HomeAbout Us A-Z IndexSearch * Contact Us Register LoginPress Shop

The Open Brand -- Problem Reporting and Interpretations System


Problem Report 0678 Details

Help Show help | Quick Search | Submit a Test Suite Support Request | Click here to view your privileges

This page provides all information on Problem Report 0678.


Report 0678 Actions


    Problem Report Number 0678
    Submitter's Classification Specification problem
    State Resolved
    Resolution Permanent Interpretation (PIN)
    Problem Resolution ID PIN.X.0071
    Raised 1970-01-01 08:00
    Updated 2003-03-13 08:00
    Published 1997-08-25 08:00
    Product Standard Commands and Utilities V2 (UNIX 95)
    Certification Program The Open Brand certification program
    Test Suite VSC version 4.1.6
    Test Identification POSIX.cmd/expr 105
    Specification Commands and Utilities Issue 4 Version 2
    Location in Spec See Problem Text
    Problem Summary PIN4C.00043 This IR claims that a duplicated subexpression may return null for \1 after matching a non-null subexpression.
    Problem Text
    This interpretation request pertains to the first two of the three items
    tested in purpose #105 of the "expr" case in the "POSIX.cmd" section.

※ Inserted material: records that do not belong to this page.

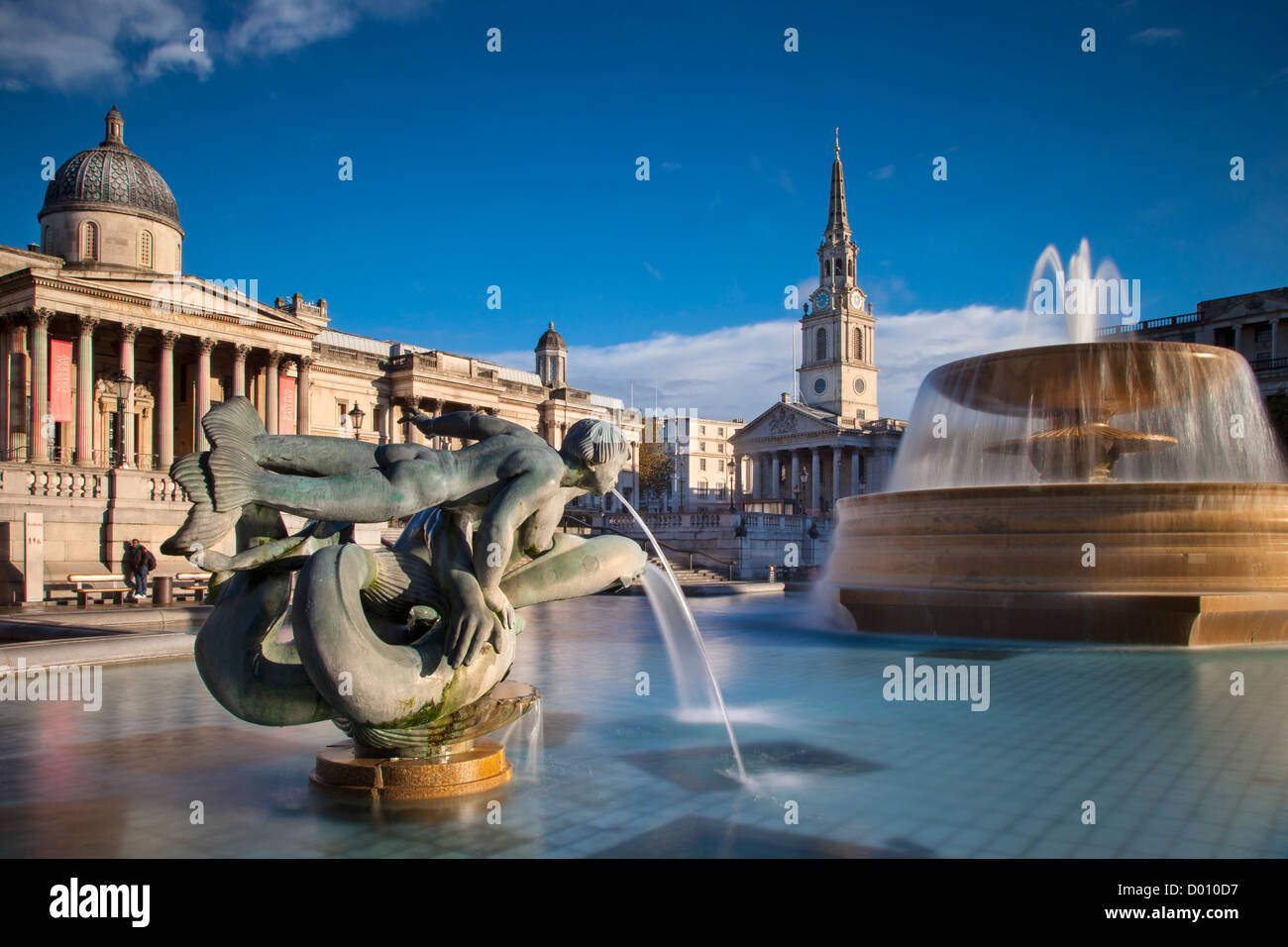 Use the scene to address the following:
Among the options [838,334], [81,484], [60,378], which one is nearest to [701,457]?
[838,334]

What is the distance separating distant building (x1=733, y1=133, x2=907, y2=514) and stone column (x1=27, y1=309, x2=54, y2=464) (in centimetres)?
5052

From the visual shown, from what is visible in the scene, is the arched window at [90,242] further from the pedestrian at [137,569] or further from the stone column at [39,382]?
the pedestrian at [137,569]

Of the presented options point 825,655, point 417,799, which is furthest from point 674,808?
point 825,655

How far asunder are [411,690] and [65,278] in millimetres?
38794

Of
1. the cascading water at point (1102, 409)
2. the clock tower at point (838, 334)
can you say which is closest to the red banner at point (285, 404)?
the cascading water at point (1102, 409)

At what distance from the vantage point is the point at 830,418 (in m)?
91.8

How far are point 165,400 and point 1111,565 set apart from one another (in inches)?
1497

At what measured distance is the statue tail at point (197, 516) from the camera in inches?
161

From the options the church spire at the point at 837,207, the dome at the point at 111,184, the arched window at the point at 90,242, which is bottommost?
the arched window at the point at 90,242

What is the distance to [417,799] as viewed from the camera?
473cm

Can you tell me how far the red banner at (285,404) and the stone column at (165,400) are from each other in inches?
212

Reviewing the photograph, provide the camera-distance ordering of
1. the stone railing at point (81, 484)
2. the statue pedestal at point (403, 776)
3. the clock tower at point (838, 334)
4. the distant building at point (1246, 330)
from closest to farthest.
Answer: the statue pedestal at point (403, 776) < the stone railing at point (81, 484) < the distant building at point (1246, 330) < the clock tower at point (838, 334)

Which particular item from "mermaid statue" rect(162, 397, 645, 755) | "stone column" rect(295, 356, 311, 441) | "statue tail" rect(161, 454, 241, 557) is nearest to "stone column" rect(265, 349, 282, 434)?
"stone column" rect(295, 356, 311, 441) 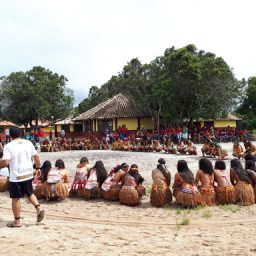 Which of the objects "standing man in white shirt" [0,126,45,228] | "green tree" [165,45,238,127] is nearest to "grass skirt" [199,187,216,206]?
"standing man in white shirt" [0,126,45,228]

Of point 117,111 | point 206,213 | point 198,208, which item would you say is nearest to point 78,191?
point 198,208

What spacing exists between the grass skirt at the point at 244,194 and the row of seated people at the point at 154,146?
1237cm

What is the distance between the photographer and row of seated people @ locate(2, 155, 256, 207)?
8844 millimetres

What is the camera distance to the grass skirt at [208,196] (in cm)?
881

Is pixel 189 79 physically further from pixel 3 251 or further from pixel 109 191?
pixel 3 251

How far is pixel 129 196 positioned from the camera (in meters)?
9.13

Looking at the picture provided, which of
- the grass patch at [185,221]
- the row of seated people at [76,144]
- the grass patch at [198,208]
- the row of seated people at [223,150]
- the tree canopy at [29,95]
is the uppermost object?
the tree canopy at [29,95]

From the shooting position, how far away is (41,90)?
2037 inches

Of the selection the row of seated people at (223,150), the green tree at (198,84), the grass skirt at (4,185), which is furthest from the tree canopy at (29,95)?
the grass skirt at (4,185)

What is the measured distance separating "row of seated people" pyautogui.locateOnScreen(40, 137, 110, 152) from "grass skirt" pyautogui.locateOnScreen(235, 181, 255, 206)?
19.7 m

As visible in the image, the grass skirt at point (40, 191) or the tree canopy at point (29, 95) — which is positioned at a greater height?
the tree canopy at point (29, 95)

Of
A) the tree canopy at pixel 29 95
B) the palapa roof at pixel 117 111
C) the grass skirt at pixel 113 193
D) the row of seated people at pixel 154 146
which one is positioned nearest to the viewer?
the grass skirt at pixel 113 193

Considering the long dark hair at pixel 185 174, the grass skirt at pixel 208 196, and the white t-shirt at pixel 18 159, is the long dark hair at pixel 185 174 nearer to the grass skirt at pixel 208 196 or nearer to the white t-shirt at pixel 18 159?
the grass skirt at pixel 208 196

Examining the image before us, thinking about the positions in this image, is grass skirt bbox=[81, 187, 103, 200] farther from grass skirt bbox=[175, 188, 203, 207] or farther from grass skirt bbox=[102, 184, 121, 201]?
grass skirt bbox=[175, 188, 203, 207] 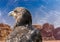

    In the first part of purpose #105, the test fails when the
    regular expression "\([a-c]*\)\{0,\}" is applied to the string
    "aabcaab".
    In this case, expr is expected to return the string corresponding to
    \1, since the pattern contains at least one subexpression. The
    implementation is matching the string in two iterations, with the
    final iteration matching the null string. It returns the empty string
    (with a newline appended). This is consistent with the rules for making
    the leftmost longest matches for subpatterns, and considering a null
    string to be longer than no match at all. It is also consistent with
    the specification for regcomp() where it states that the last match of
    a subexpression is reported when it participates in the match multiple
    times.

    The standard does not sufficiently clarify how duplicated
    subexpressions should be handled with respect to matching the null
    string. It does not expressly forbid or allow null iterations. This
    ambiguity is addressed in IEEE Interpretation #43, part 1 (December
    1994 edition), excerpted below. The question raised is:

    (1) Can a duplicated subexpression match the null string? If so,
    will the duplication be repeated until the expression does match
    the null string?

    Rationale - Although adjacent duplication symbols are illegal
    (for no apparent reason, particularly for EREs), \(x*\)* is a
    legal expression, in which the *s are not adjacent. This
    raises the question: How many times is the null string
    matched?

    Suppose that \(x*\)* were allowed. Does matching it to xxx
    yield \1 = xxx or \1 = null?

    [ ... ]

    The interpretation for IEEE Std 1003.2-1992:

    (1) The standard does not require the successful matching of a null
    string after a successful match on a non-null string for
    duplication symbols. However, the standard does not clearly say
    that you are not allowed to match null strings after a
    successful match. Therefore, the standard is ambiguous.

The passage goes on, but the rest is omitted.